Updated 28th June, 2014
Protestors at the site of the proposed coal mine. |
Three ministers were among four people arrested at a protest aimed at stalling the development of a new open-cut coal mine in northern New South Wales yesterday.
A group of protestors, who included clergy and lay people from the Uniting, Catholic, Anglican and Brethren Churches, prayed on the site in the Leard State Forest with some locking themselves to a cross. They claim to have stopped mining equipment from entering the site for five hours.
One of the arrested ministers, Rev John Brentnall of the Uniting Church in Liverpool Plains, said in a statement that reducing our carbon footprint in Australia won’t mean much if coal is "causing many times more emissions overseas than what we’re saving at home".
"It’s the poor who suffer the most, through unpredictable weather, extreme weather-related events and rising sea levels," he said. "The rich are benefitting at the expense of the poor.

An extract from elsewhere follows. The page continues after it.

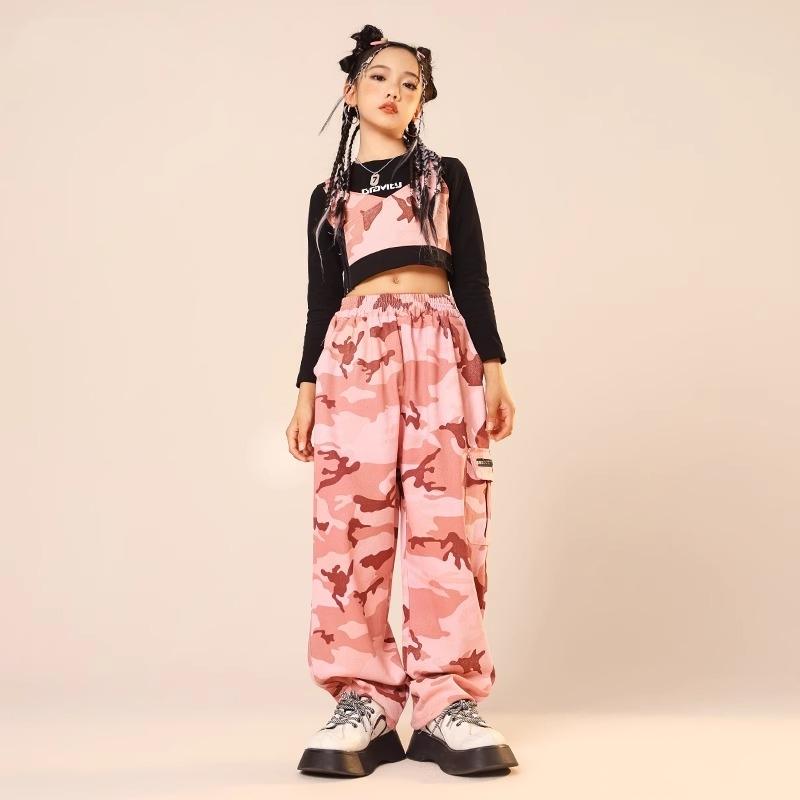 子供服 女の子 Tシャツ へそ出し ベスト 迷彩パンツ コスチューム バンド ダンス ヒップホップ ストリート系 パフォーマンス 衣装 クール かっこいい キッズ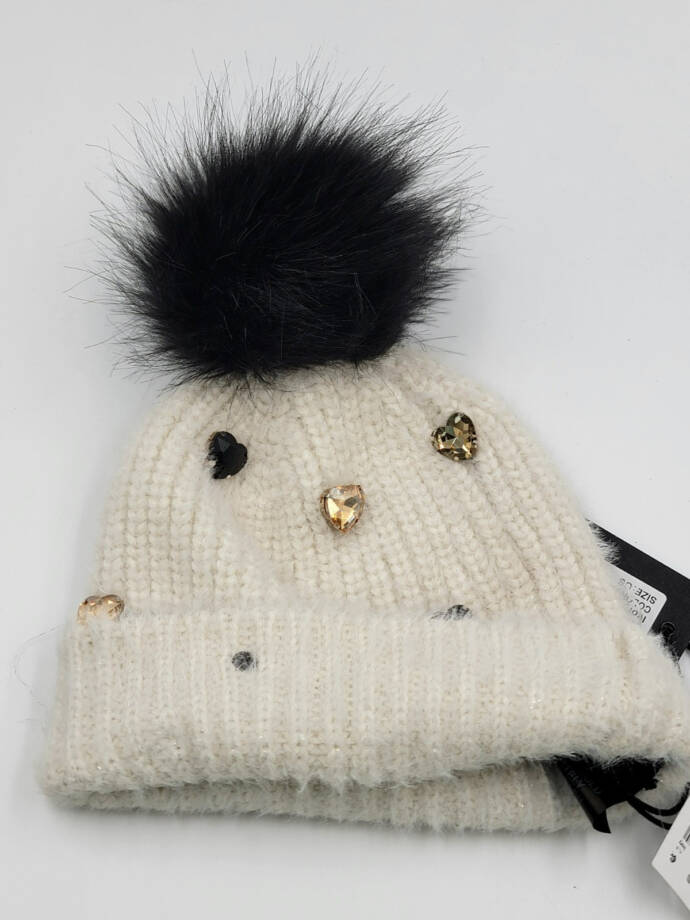 Jocelyn Faux Alpaca Crystal Embellished Hat Women's One Size Ivory Pom Pom Top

This is an issue of social justice."
The Australian Religious Response to Climate Change (ARRCC) said Whitehaven Coal’s planned mine at Maules Creek is being made possible using finance from the ANZ Bank and is calling on "religious people" who hold accounts with the bank to write to it and request they stop investing in the project.
More than 200 people have reportedly been arrested protesting the coal mine development.